Supreme Court quashes National Tax Tribunal Act

news
25 September 2014

The Supreme Court today held the National Tax Tribunal Act, under which a tribunal was set up to decide tax-related cases, usurping the jurisdiction of high courts in such matters, as unconstitutional.

Supreme CourtA five-judge constitutional bench headed by Chief Justice R M Lodha quashed the National Tax Tribunal Act, saying it was bad in law and failed the test of constitutional validity.

The bench said the Act, passed by Parliament in 2005, is "unconstitutional" as the National Tax Tribunal (NTT) encroaches upon the powers of higher judiciary, which can only decide issues involving substantial laws and not a tribunal.

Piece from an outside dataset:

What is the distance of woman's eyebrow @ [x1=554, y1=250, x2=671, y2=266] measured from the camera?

The SC bench held that the government cannot vest a tribunal with judicial powers without according to it the characteristics of a court and ensuring its autonomy.

Also, the bench noted, the NTT sought to undermine the jurisdiction of the high courts in deciding tax related matters, as the government had specifically stated that the NTT was intended to reduce the pendency of cases in the high courts.

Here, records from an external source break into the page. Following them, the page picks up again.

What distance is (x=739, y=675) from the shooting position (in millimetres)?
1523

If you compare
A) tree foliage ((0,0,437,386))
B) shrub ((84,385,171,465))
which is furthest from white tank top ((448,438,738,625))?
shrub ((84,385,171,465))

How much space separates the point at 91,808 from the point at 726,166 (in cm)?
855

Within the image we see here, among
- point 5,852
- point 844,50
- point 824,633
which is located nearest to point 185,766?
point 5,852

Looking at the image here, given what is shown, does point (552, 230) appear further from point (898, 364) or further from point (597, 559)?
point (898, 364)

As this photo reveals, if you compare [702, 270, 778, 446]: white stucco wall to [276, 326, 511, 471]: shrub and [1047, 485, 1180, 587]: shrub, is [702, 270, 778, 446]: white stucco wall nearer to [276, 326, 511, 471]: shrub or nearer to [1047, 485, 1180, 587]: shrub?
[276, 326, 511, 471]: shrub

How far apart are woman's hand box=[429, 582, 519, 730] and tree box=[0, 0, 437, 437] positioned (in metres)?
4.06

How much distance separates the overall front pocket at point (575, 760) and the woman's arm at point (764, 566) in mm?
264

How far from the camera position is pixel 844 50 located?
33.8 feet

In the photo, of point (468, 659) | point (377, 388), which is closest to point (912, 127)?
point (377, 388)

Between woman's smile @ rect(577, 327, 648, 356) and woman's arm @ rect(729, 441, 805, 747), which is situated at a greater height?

The order came on a batch of petitions by Madras Bar Associations and others challenging the validity of the Act, which could have substituted the high courts with tribunals that have no judicial powers or operational independence, which is against the basic structure of the Constitution.

The first petition was filed in 2006 by the Madras Bar Association and later many other lawyers bodies joined in challenging the Act.

For the NDA government, which had justified the creation of NTT, saying that it would help unclog the backlog of cases in the high courts, the SC order could prove a major jolt, especially at a time when the government is looking for speeding up the decision-making process.

The apex court pointed out that where the party before the NTT was always the ministry of finance, a quasi-judicial tribunal would not inspire confidence and it would shake the very foundation of the principles of independence of judiciary, rule of law and separation of powers.

This could spawn a host of quasi-judicial tribunals which would function as departments of various ministries, posing a grave danger that the judiciary would be substituted by tribunals.

The judgement will have a direct bearing on a petition that has challenged the validity of the National Company Law Appellate Tribunal.